* _WORK INSTRUCTIONS_
Transcription, pictures excluded: write out the data below exactly.

___ DATA SHOWN ___

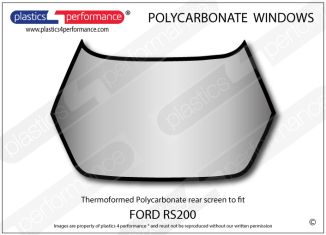 FORD RS200 - Lexan Polycarbonate rear screen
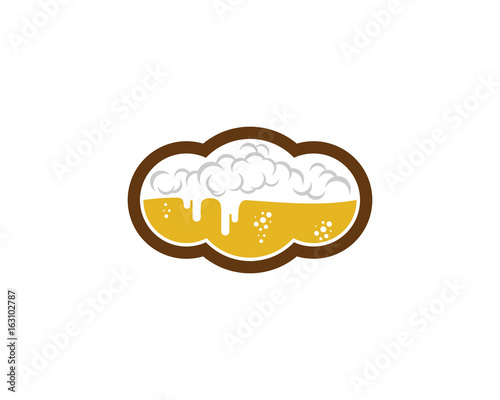 Beer Cloud Icon Logo Design Element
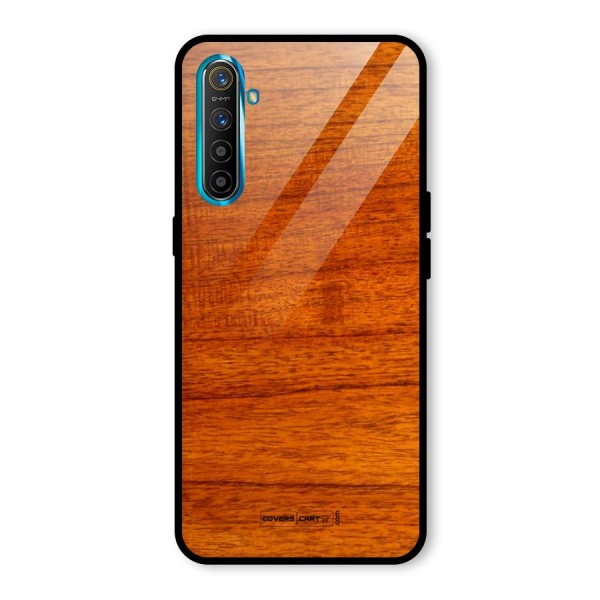 Wood Texture Design Glass Back Case for Realme XT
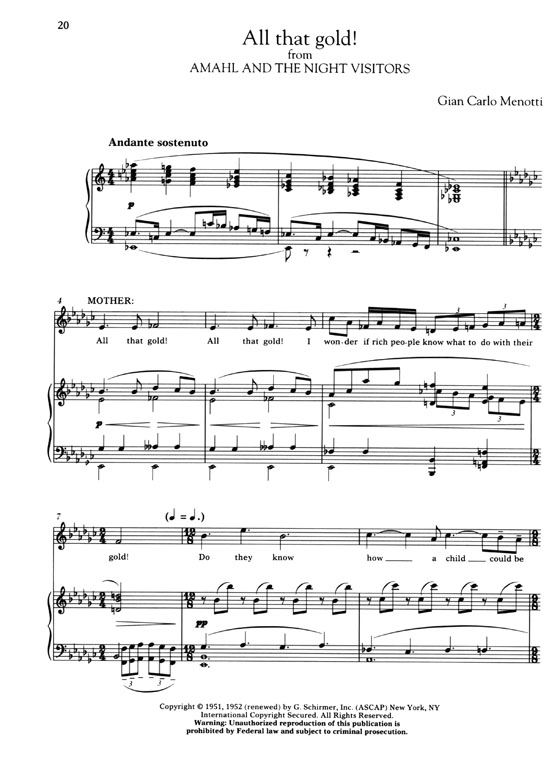 G. Schirmer American Aria Anthology , Mezzo-Soprano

___

* _RESULT FOR THIS EXERCISE_
 FORD RS200 - Lexan Polycarbonate rear screen
 Beer Cloud Icon Logo Design Element
 Wood Texture Design Glass Back Case for Realme XT
 G. Schirmer American Aria Anthology , Mezzo-Soprano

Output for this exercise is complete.